The winning recipe for stadium Wi-Fi


  • TECH
  • Tuesday, 23 Sep 2014

   By Michael Lok

Major sporting events like the recent World Cup held in Brazil have brought together people from all around the globe looking to immerse themselves in a once-in-a-lifetime experience.

While watching the World Cup matches, many spectators will be clicking on their camera phones to capture shots, before uploading them to Facebook and other social media sites to share their experiences with friends and  families’ back home.

This has fueled the adoption of smartphones with integrated camera functions which is predicted to reach 1.75 billion this year.

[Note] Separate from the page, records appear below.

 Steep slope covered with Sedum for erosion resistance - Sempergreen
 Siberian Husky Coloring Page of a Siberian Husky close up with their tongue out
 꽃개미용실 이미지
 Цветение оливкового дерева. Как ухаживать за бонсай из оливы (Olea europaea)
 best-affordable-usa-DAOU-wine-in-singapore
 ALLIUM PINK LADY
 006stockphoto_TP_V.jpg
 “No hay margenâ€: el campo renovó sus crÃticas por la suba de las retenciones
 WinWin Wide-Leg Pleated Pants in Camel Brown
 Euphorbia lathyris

The changing behaviour has led to a strong demand for Wi-Fi Hotspots in public venues such as football stadiums.

The recent 2014 World Cup in Brazil and 27th Southeast Asian Games held in Myanmar not only brought people from around the world together, but was also a testimony to some of the latest technological solutions.

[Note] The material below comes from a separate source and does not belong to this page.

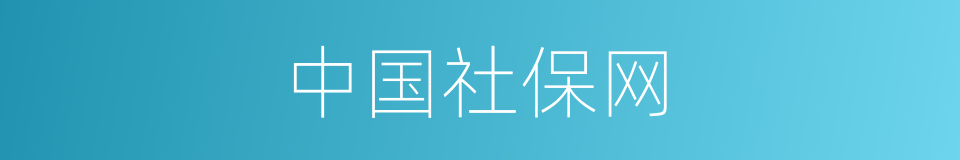 中国社保网的同义词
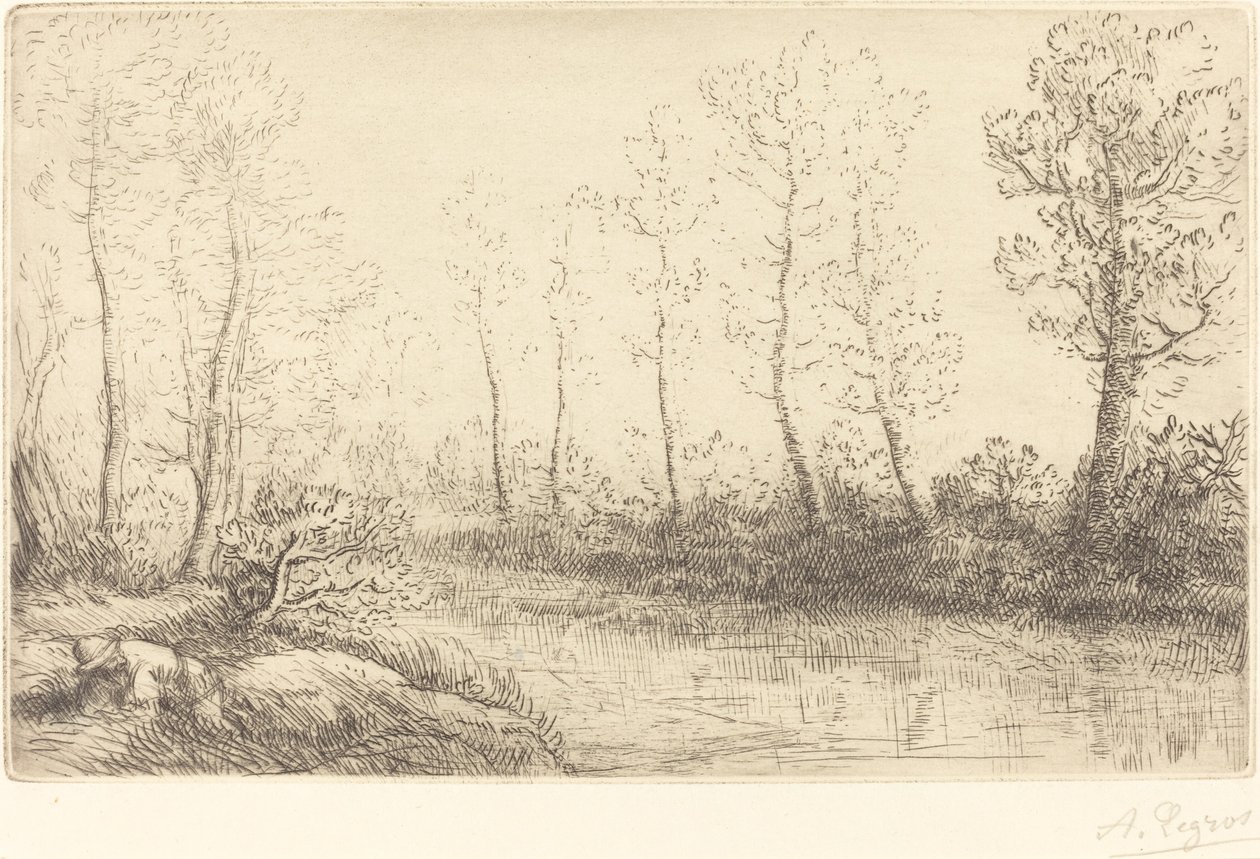 Nyírfák: Hajnali fényben látható víz széle Nyírfák: Hajnali fényben látható víz széle. alkotó: Alphonse Legros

Challenges in stadium Wi-Fi deployment

The traditional distributed antenna systems (DAS), which were an excellent solution for voice systems  in most public venues are easily overloaded with data traffic, especially in high human traffic areas in today’s data-centric world.

Distributed antenna system is where radio energy carries voice and data throughout very large buildings or partially enclosed structures. It can be used to boost WiFi coverage at large venues and deal with poor coverage by installing a network of relatively small antennas throughout a building. It can support multiple service providers and wireless technologies making it a very versatile and scalable network solution. 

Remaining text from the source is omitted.